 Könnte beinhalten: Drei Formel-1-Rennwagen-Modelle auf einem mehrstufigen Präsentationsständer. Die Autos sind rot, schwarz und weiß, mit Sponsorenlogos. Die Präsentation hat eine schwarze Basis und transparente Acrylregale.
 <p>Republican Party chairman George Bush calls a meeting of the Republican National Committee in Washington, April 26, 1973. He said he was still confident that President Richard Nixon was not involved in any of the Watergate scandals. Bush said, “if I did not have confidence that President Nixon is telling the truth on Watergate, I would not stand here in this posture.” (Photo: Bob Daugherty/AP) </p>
...
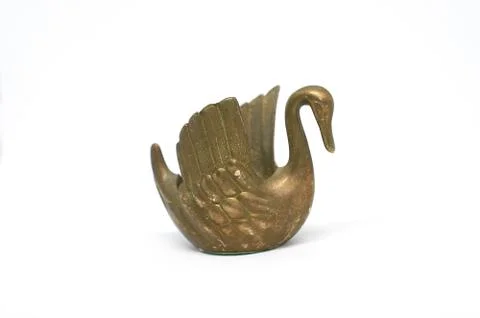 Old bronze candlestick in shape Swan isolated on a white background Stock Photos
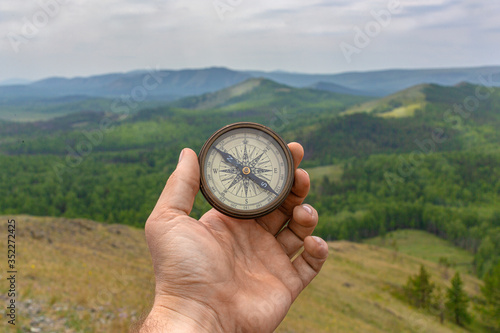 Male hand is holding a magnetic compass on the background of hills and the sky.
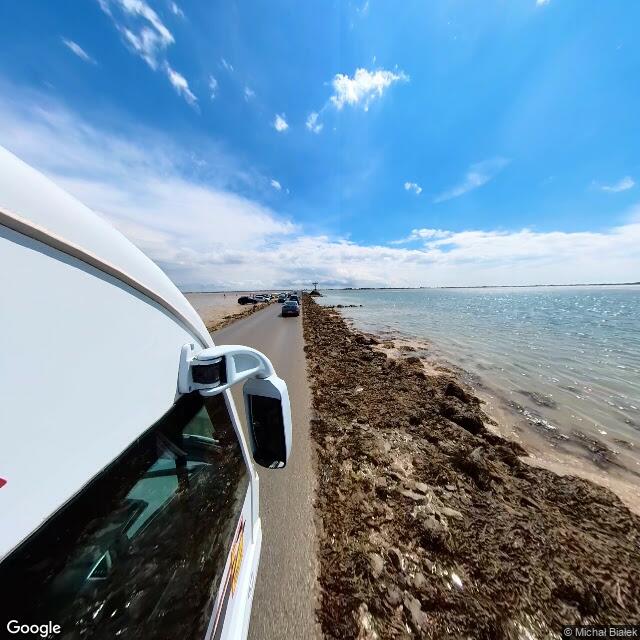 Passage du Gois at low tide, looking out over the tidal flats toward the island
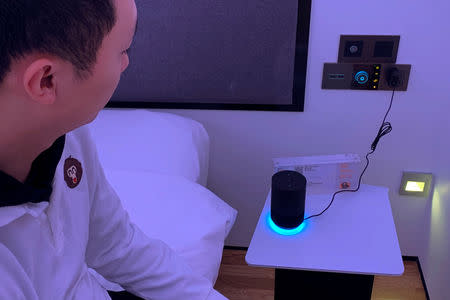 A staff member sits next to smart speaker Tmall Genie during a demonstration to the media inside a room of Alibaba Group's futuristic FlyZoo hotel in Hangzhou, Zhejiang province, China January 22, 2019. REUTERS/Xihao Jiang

Exercise prompt:
Look through the material above. Transcribe exactly the lines between the ones with "Male hand is" and "A staff member", inclusive, and keep pictures out.

Task response:
 Male hand is holding a magnetic compass on the background of hills and the sky.
 Passage du Gois at low tide, looking out over the tidal flats toward the island
 A staff member sits next to smart speaker Tmall Genie during a demonstration to the media inside a room of Alibaba Group's futuristic FlyZoo hotel in Hangzhou, Zhejiang province, China January 22, 2019. REUTERS/Xihao Jiang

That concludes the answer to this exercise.